The president, supported by congressional Democrats, wants revenues to play a role in offsetting the impending cuts, but there is near unanimity among Republicans against any new taxes following the year-end "fiscal cliff" budget deal that raised tax rates on wealthy Americans. "The American people believe that the tax question has been settled," said House Speaker John Boehner, R-Ohio, reiterating GOP opposition to new revenues.

Recent acceptance among lawmakers that the cuts would likely take effect on March 1 has been replaced with new momentum to fix it.

"Last year things weren't desperate. They are desperate this year," Inhofe said. "Last year we weren't talking about the president's own secretary of Defense saying that this is devastating. It's disarming America."

Defense Secretary Leon Panetta, in an interview last week with USA TODAY, said the military would be unable to handle threats outside the war in Afghanistan and a crisis in the Middle East if the cuts occur. The Pentagon would have to reduce the Army by an additional 100,000 soldiers, Panetta said. It already plans to shed 100,000 soldiers and 20,000 Marines under an existing plan to cut $487 billion over 10 years.

All the services anticipate furloughs for their civilian workforce.

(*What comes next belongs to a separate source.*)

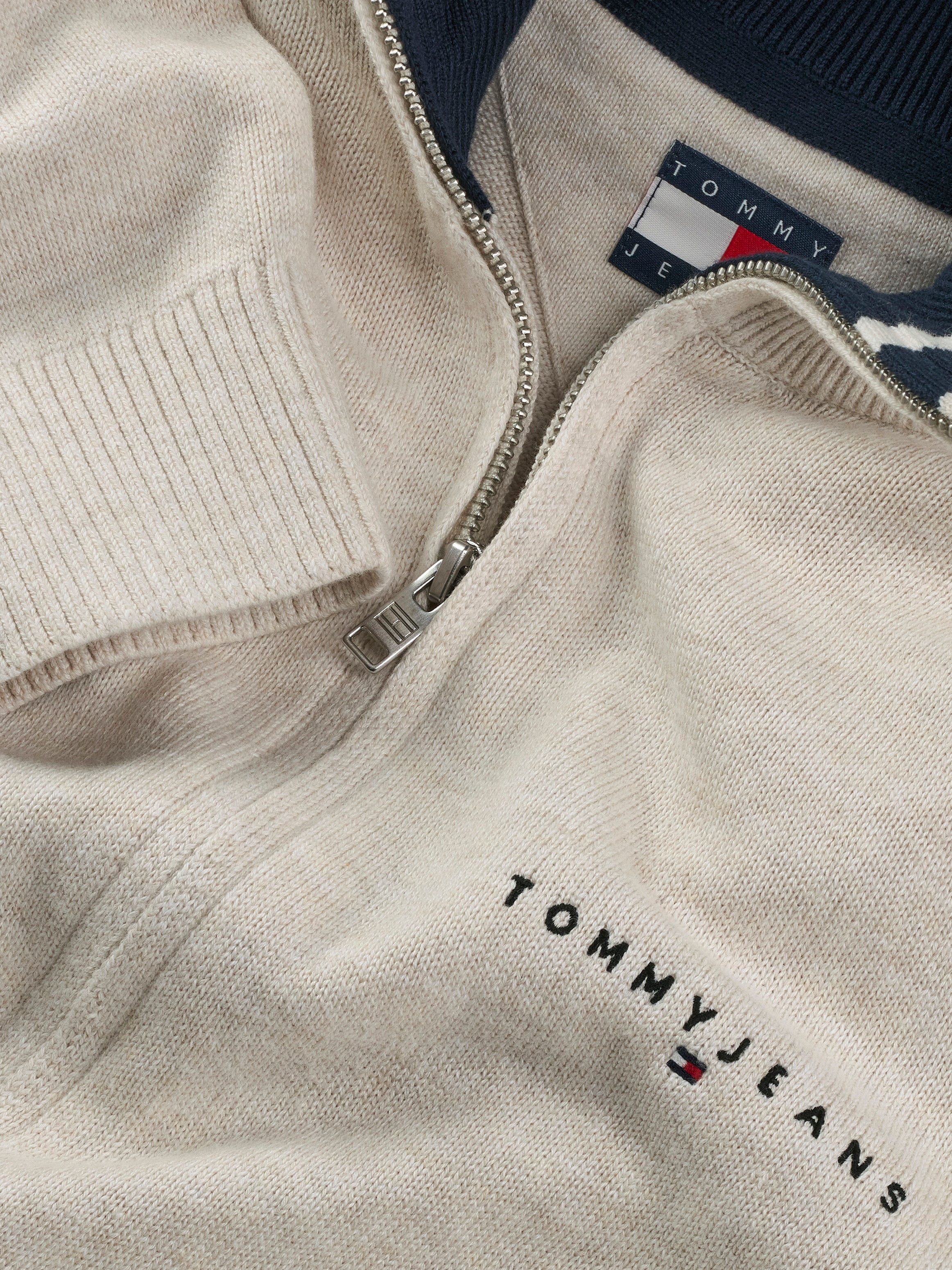 Theur Oatmeal Marl Baumwoll-T-Shirt für erwachsene Männer in Beige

Among the cuts the services are proposing if sequestration goes into effect:

Army: Only units deploying to Afghanistan and Korea will receive full training. Equipment scheduled to return to the United States from Afghanistan would remain there, delaying its repair and use by soldiers at their home posts.

Air Force: Flying hours will cut by 18%, and only missions in Afghanistan, flying Obama and nuclear missions would be untouched. Military airshows, including the Thunderbirds aerobatic flying team, and flyovers of sporting events would be eliminated.

Navy: The service will suspend naval operations in and around South America, deferring ship maintenance, cancelling Fleet Week and flights of the Blue Angels airshow team.